Closed ypriverol closed 5 years ago
@yafeng @husensofteng I have added the decoy tool. The way to test it is using the command:
proteomicsdevmbpr1:pypgatk yperez$ python3.7 pypgatk_cli.py generate-decoy -h
Usage: pypgatk_cli.py generate-decoy [OPTIONS]
Options:
-c, --config_file TEXT Configuration file for the protein database
decoy generation
-o, --output TEXT Output file for decoy database
-i, --input TEXT FASTA file of target proteins sequences for
which to create decoys (*.fasta|*.fa)
-s, --cleavage_sites TEXT A list of amino acids at which to cleave
during digestion. Default = KR
-a, --anti_cleavage_sites TEXT A list of amino acids at which not to cleave
if following cleavage site ie. Proline.
Default = none
-p, --cleavage_position TEXT Set cleavage to be c or n terminal of
specified cleavage sites. Options [c, n],
Default = c
-l, --min_peptide_length INTEGER
Set minimum length of peptides to compare
between target and decoy. Default = 5
-n, --max_iterations INTEGER Set maximum number of times to shuffle a
peptide to make it non-target before
failing. Default=100
-x, --do_not_shuffle TEXT Turn OFF shuffling of decoy peptides that
are in the target database. Default=false
-w, --do_not_switch TEXT Turn OFF switching of cleavage site with
preceding amino acid. Default=false
-d, --decoy_prefix TEXT Set accession prefix for decoy proteins in
output. Default=DECOY_
-t, --temp_file TEXT Set temporary file to write decoys prior to
shuffling. Default=protein-decoy.fa
-b, --no_isobaric TEXT Do not make decoy peptides isobaric.
Default=false
-m, --memory_save TEXT Slower but uses less memory (does not store
decoy peptide list). Default=false
-h, --help Show this message and exit.
@yafeng We need to take a decision about the DECOY Ids
. The way the tool generate the ids is by creating a new protein with the following accession DECOY_1
, DECOY_2
... Can you check this works in our pipelines? The second problem I see is that we lost all the information related with the proteins, My guess is that we will recover that information in the re-mapping after the protein identification step?

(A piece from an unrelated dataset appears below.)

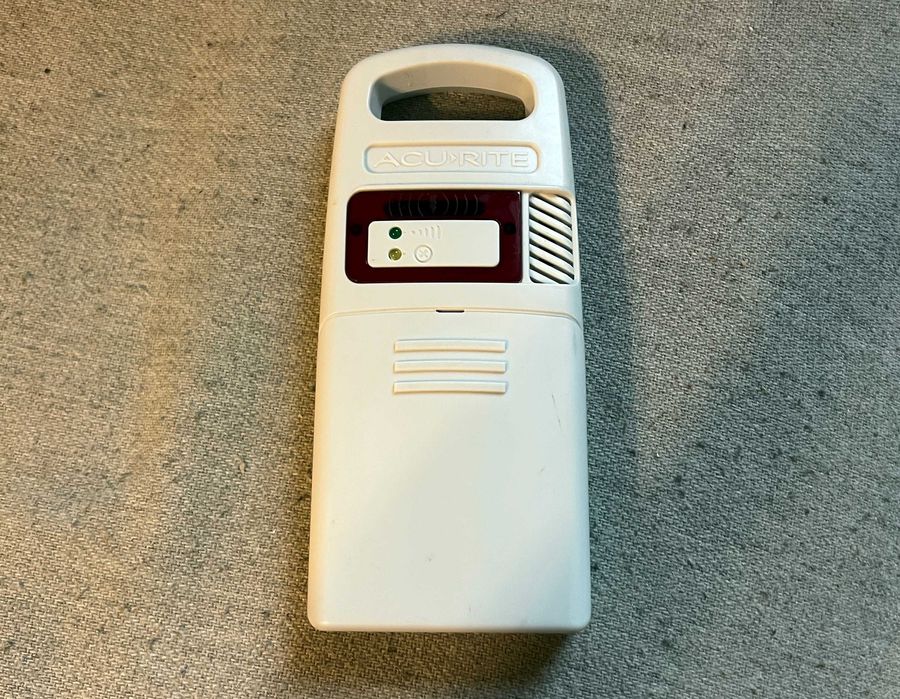 Statie meteo profesionala AcuRite 02080 cu detectie fulger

@ypriverol I have modified the script so that the output decoy sequences contain original protein ID, this is required to distinguish decoys from different classes.

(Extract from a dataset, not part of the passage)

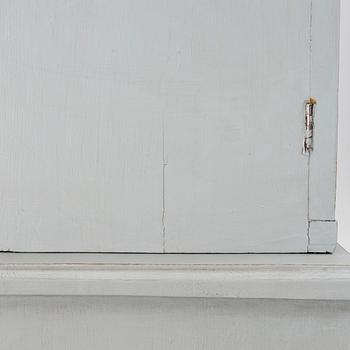 Vitrinskåp, omkring 1900.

I will chec kthe code because it doesn't look like it will work now. LEt me check
@yafeng I just updated the code and it works fine now. I removed also the from the concatenation, that means that the decoy prefix should contain the `` itself. Can you test now the current version? If you are happy with that I can close this issue.
@ypriverol this is first time I tried, i got this error. Do I forget to setup something?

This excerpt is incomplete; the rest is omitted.